Run Inside Container

fairway shell
# Inside container:
fairway run

Monitoring

Job Status

# Check running jobs
fairway status

# View detailed job info (Slurm)
squeue -u $USER --format="%.18i %.9P %.30j %.8T %.10M %.6D %R"

# Check Spark cluster status
fairway spark status

Logs

# View all logs
fairway logs

# View last 20 entries
fairway logs --last 20

# View errors only
fairway logs --errors

# Filter by batch ID
fairway logs --batch claims_CT_2023

# Raw JSON output for advanced filtering
fairway logs --json | jq 'select(.level == "ERROR")'

Manifest (Processed Files)

# Show manifest entries
fairway manifest show

# Query by status
fairway manifest query --status completed
fairway manifest query --status failed

# Query by batch
fairway manifest query --batch claims_2023

Resource Usage

# Slurm job efficiency
seff <JOB_ID>

# Real-time resource monitoring
sstat -j <JOB_ID> --format=JobID,MaxRSS,MaxVMSize,AveCPU

Common Issues and Fixes

Issue: Pipeline Fails with Exit Code 115

Cause: Data integrity violation (RULE-115) - schema mismatch detected.

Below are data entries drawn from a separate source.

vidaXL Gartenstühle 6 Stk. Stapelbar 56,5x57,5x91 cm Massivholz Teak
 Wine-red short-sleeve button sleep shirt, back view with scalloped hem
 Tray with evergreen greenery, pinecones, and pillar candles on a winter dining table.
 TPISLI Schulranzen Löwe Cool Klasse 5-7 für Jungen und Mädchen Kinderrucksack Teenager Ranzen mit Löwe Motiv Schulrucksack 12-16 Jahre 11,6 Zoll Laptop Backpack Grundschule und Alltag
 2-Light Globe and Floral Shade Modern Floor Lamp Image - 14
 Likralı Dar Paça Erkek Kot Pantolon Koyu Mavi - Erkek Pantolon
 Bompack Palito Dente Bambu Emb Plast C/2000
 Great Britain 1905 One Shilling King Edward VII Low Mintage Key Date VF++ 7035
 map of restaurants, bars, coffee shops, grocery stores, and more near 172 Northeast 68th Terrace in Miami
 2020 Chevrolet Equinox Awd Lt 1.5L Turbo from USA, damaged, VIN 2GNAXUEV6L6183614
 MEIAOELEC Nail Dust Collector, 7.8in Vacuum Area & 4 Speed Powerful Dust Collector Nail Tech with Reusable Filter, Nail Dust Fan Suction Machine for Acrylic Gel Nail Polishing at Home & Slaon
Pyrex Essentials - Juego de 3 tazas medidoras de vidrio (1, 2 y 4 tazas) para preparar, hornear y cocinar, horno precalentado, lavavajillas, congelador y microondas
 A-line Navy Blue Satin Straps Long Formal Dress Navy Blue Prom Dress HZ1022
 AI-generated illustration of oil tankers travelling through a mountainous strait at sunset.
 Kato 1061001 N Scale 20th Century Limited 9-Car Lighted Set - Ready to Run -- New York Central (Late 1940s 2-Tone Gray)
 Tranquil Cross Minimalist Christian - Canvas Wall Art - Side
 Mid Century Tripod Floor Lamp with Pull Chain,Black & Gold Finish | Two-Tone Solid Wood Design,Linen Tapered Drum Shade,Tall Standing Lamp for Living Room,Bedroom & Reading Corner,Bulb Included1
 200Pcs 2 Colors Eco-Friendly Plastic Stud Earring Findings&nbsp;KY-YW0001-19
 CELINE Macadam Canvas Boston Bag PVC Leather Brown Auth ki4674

Solution: 1. Check for new columns in source data:

fairway generate-schema data/raw/new_file.csv

2. Update schema in fairway.yaml or switch to Delta Lake format:

storage:
  format: "delta"  # Enables schema evolution

Issue: Out of Memory (OOM) Errors

Cause: Data too large for allocated resources.

Solution: 1. Increase memory allocation:

fairway submit --with-spark --mem 64G

2. Enable salting for skewed data:

performance:
  salting: true

3. Reduce parallelism:

performance:
  target_file_size_mb: 256  # Larger files = fewer tasks

Issue: Spark Cluster Won't Start

Cause: Network/connectivity issues, resource unavailability.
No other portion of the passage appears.